Era Baru Mobil Listrik, BYD Siapkan Pengisian Baterai Secepat Isi Bensin
- 27 Jul 2026 18:13 WIB
- Makassar
RRI.CO.ID, Makassar - Kekhawatiran masyarakat terhadap lamanya waktu pengisian daya mobil listrik diprediksi bakal segera teratasi. Produsen kendaraan listrik asal China, BYD, tengah menyiapkan teknologi terbaru Flash Charging yang diklaim mampu mengisi baterai kendaraan dari 10 persen hingga 97 persen hanya dalam waktu sekitar 9 hingga 10 menit.
Teknologi tersebut digadang-gadang menjadi terobosan besar dalam industri kendaraan listrik karena waktu pengisian dayanya disebut hampir menyamai proses pengisian bahan bakar kendaraan konvensional.

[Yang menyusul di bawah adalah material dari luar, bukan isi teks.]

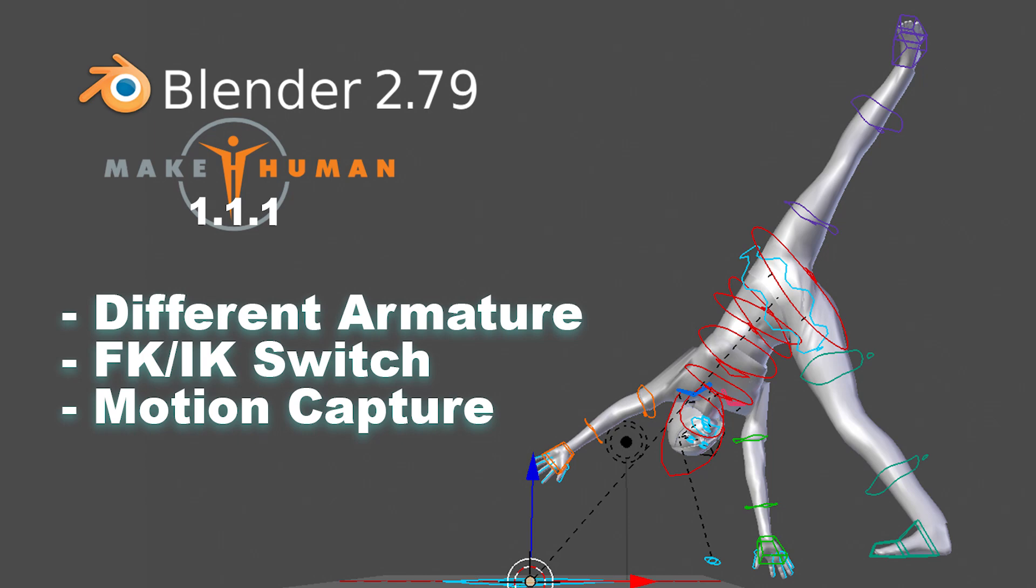Hey everyone! This is a follow-up on my previous tutorial on how to import MakeHuman files into Blender. This video will cover more details on importing MakeHuman files, including how to get better armature with an FK-IK switch, and also applying motion capture BVH files onto the character.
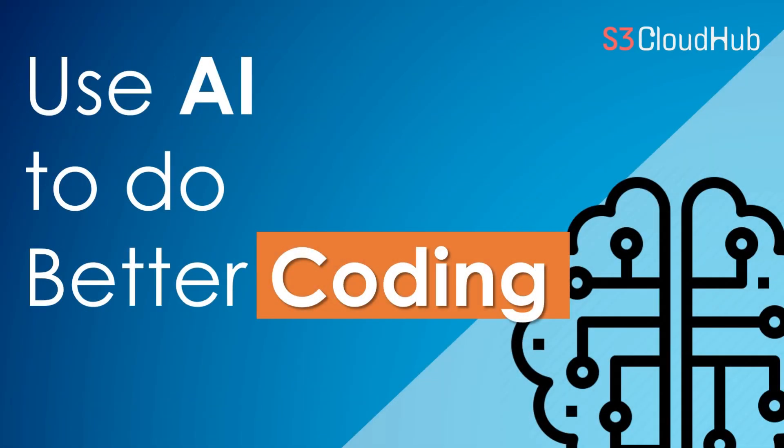Hello friends, welcome back to the S3 CloudHub YouTube channel. In this video, we are going to talk about very interesting and cool AI tools that may be useful for you as a developer. So without any further ado, let's get started.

CEO Haka Auto, salah satu dealer resmi BYD di Indonesia, Hariyadi Kaimuddin, mengatakan Flash Charging merupakan teknologi baterai generasi terbaru yang akan menggantikan sistem baterai generasi sebelumnya.
“Baterai generasi pertama akan diganti dengan baterai generasi kedua, yakni Flash Charging,” kata Hariyadi, Senin 27 Juli 2026.
Menurutnya, teknologi tersebut telah resmi diperkenalkan di China dan diyakini mampu mendorong percepatan penggunaan kendaraan listrik di berbagai negara, termasuk Indonesia. “Kita akan menghadirkan Flash Charging. Teknologi ini sudah diluncurkan di China,” ujarnya.
| Baca juga: Tanda HP Sudah Tidak Layak Pakai |
Hariyadi menjelaskan, kehadiran teknologi tersebut nantinya akan membuat proses pengisian daya kendaraan listrik jauh lebih praktis. Bahkan, pengalaman pengisian baterai disebut dapat mendekati kemudahan saat mengisi bahan bakar kendaraan konvensional.
“Ini akan seperti isi bensin dengan sistem drive thru,” katanya.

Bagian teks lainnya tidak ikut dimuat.